Building my own altar from ash and static.
I think it'll make you happy—but it won’t.
I won’t stop until I’m dead.
I won’t quit until I’ve gutted the wreckage I carried in my head.
When I was young, that was the gun I held to my head— and nobody listened to a goddamned word I said.
I’ve been nursing this wound for twenty fucking years...
when some kid made me feel like nothing, and I never got over it.
A choir of shadows keeps singing that same refrain: “You are nothing again.”
But I've built something.
And if something is forged from nothing? So be it, so be it.
If being means static, then I’ll learn to hear music in it.
I’ve got a job. I’ve got a house. No kid. No spouse.
Still, I suck the marrow from a world I barely understand and call it breakfast.
Every Monday I rise from my own ruins and whisper, “You just have to get over it.” And then I do.
A Topography of Becoming
This is my map: I want to stop suffering—not by retreating, but by planting my feet in the burning present. I know I’ve caused some of it.
I know peace lives in presence, not in fantasies or regrets.
In real-time. In my bloodstream. In naming my emotions, in defending my boundaries with both compassion and steel.
I want inner calm—not like a lake, but like a lighthouse in a storm. Still standing. Still shining.
I want to be physically strong— capable, sharp, ready for challenge.
Because I believe challenges are sacred.
And joy? It grows where struggle is invited, not avoided.
So, I’ll structure my days like scaffolding:
intentional, firm, aligned to the shape of my becoming.
Each day a quiet revolution.
Each act of discipline, a hymn.
Curiosity, too—it must be there.
I want to know what's out there.
What's inside people, places, stories.
I want to ask why and write until I understand.
So, this is my creed:
Challenge. Curiosity. Presence. Pilgrimage.
And I’ve walked it.
Down cracked highways of doubt, through towns that didn’t keep their promises and ceilings that didn’t feel like mine.
I’ve wandered—not lost, but searching —learning how to carry the silence, learning when to listen, learning what kind of man I don’t want to be.
I moved to disrupt the pattern, to feel other weathers, to become someone the younger me would believe in.
And somewhere between leaving and arriving, I found a place that feels like home. For now.

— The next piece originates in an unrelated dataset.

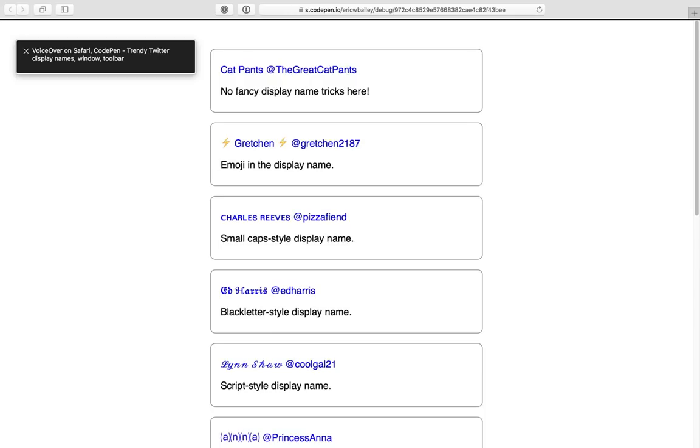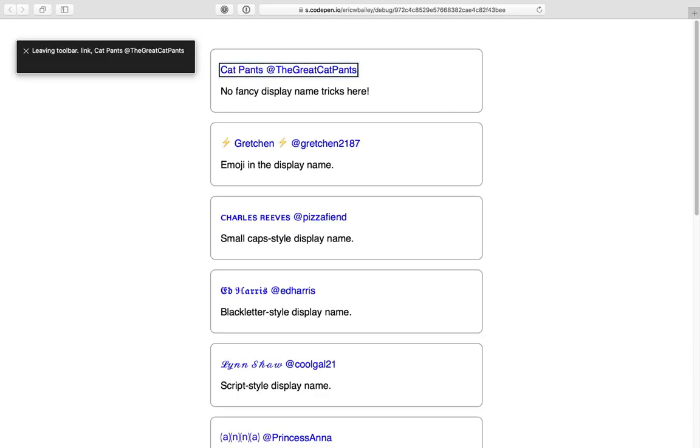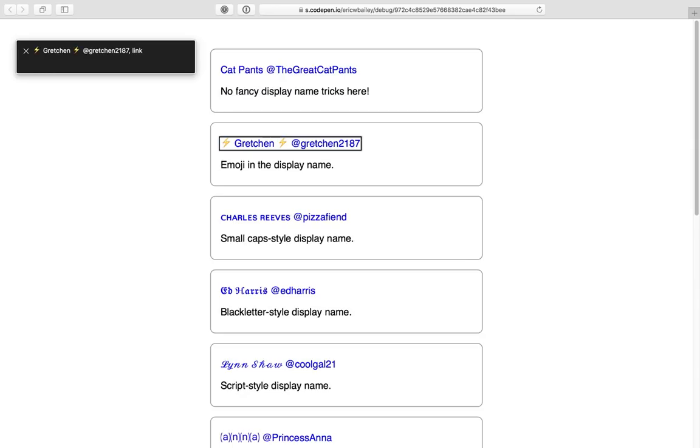VoiceOver on Safari, codepen trendy Twitter display names window toolbar, leaving toolbar link. Cat Pants at TheGreatCatPants, no fancy display name tricks here. High voltage sign Gretchen, high voltage sign at Gretchen2187 link, emoji in the display name.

Not perfect. Not permanent.
But real enough to grow some roots without forgetting how to run. Quiet enough to say—this is where I begin again.
And I keep riding through country that barely notices my passing, through landscapes like half-forgotten prayers.
This train is both blade and balm— steel slicing through memory, wheels humming the rhythm of forgiveness.
Car by car, I witness my life receding in windows smeared with sunset and soot.
And still, it moves forward. So, do I.
Sometimes my body feels like a dimming cabin light— flickering at stations I never meant to stop in. There are days I feel I’m coasting on fumes, running out of time in the silence between each breath.
But then I remember the temple— the hush of it, the warmth I feel when I’m wrapped in covenant and whisper-light.
And something settles inside me.
I am not done.
I am not only this aching vessel.
I am also what I offer in the dark.
I am the ticket I punched with my own blood.
I am the seat I gave up so someone else could rest.
I am the map I’ve drawn with trembling hands. And I am the voice that says, this is not where the line ends, this is where the light changes.
Then I begin gently— like settling into a quiet train car at dusk, where the light is soft and no one rushes me.
Here’s a space to hold what I’m carrying.
I don’t need to solve anything right now.
Just let the words arrive, like stations coming into view.
Today, I’m sitting in the ache. I feel the holiness of my life— the echo of covenants, the weight of hands on my head, the flicker of revelation in the temple’s stillness.
And I feel the ache.
The ache of loving who I love.
Of being seen as both chosen and questioned.
Of walking into sacred spaces with both reverence and restraint. Of being told there’s room at the table— yet never quite feeling the chair fit.
I know I’m more than a contradiction.
I’m a son.
A disciple. A seeker.
I belong to a gospel that promises healing and to a heart that refuses to shut itself down for the sake of appearing whole.
And so, I sit.
Not to drown in sorrow—but to honor it.
To let the Spirit move through the stillness.
To hear again, in the silence:
“You are mine. I have gravened you upon the palms of my hands.”